Mereka mengira dengan meneror satu media, mereka bisa menanamkan ketakutan di seluruh barisan pers. Mereka lupa bahwa jurnalisme tidak bergantung pada satu kantor redaksi, satu surat kabar, atau satu stasiun televisi. Selama masih ada yang berani menyalakan rekaman, menekan tombol keyboard, atau mengangkat kamera, kebenaran akan tetap hidup. Ancaman mereka tidak membungkam, justru memperjelas siapa yang sebenarnya sedang panik.
Mereka boleh saja terus mencoba membungkam pers, tapi satu hal yang harus mereka camkan: pers bukan ada untuk menyenangkan penguasa. Jurnalisme bukan humas negara, bukan corong propaganda, bukan alat untuk menutupi borok mereka dengan berita-berita penuh pujian. Pers ada untuk mengawasi, mengkritik, dan memastikan bahwa mereka yang duduk di kursi kekuasaan tidak berubah menjadi monster yang tak tersentuh.
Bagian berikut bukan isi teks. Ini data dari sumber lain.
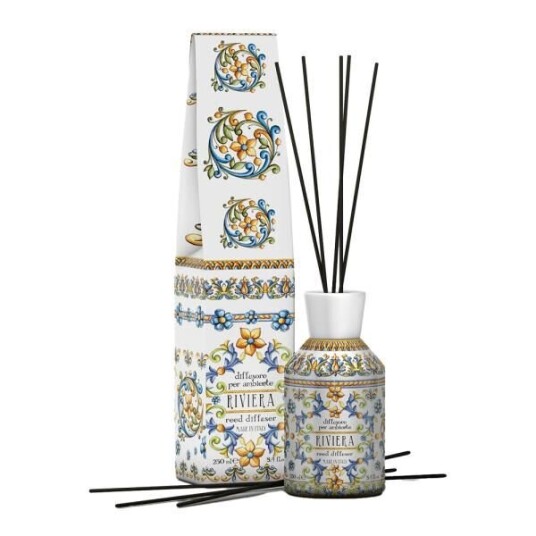 Rudy Profumi - Maioliche duftpinner 250ml riviera Rudy Profumi - Maioliche duftpinner 250ml riviera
Tapi itulah masalahnya—mereka tidak mau diawasi. Mereka ingin kebebasan pers hanya sebatas slogan, bukan kenyataan. Mereka ingin wartawan sibuk meliput seremoni peresmian proyek mangkrak dan menggali kisah inspiratif pejabat yang seolah-olah bekerja untuk rakyat, sementara skandal mereka dikubur dalam-dalam. Mereka ingin setiap halaman koran berisi sanjungan, setiap siaran berita penuh dengan citra diri yang mereka bangun sendiri.
Padahal, tugas pers bukan untuk menjaga ego mereka. Tugas pers adalah untuk menelanjangi kebohongan mereka, menguak janji yang tak ditepati, membongkar permainan kotor yang mereka sembunyikan dengan jargon pembangunan. Jika mereka mengira jurnalis harus tunduk dan ikut menyembah mereka, mereka salah besar.
Dan semakin mereka mencoba menjinakkan media, semakin jelas bahwa mereka bukan pemimpin sejati—mereka hanya penguasa yang manja, yang ingin terus dipuja tanpa pernah dipertanyakan. Mereka takut bukan karena pers salah, tapi karena pers benar. Karena pers terlalu dekat dengan sesuatu yang selama ini mereka coba sembunyikan.
Maka jangan harap pers akan diam. Jangan harap jurnalis akan tunduk. Jangan harap kebebasan berbicara bisa dikendalikan selamanya. Karena pers yang sesungguhnya tidak bekerja untuk penguasa, tapi untuk kebenaran. Dan kebenaran tidak akan mati hanya karena ada sekelompok pengecut yang tak tahan melihat wajah asli mereka sendiri di halaman berita.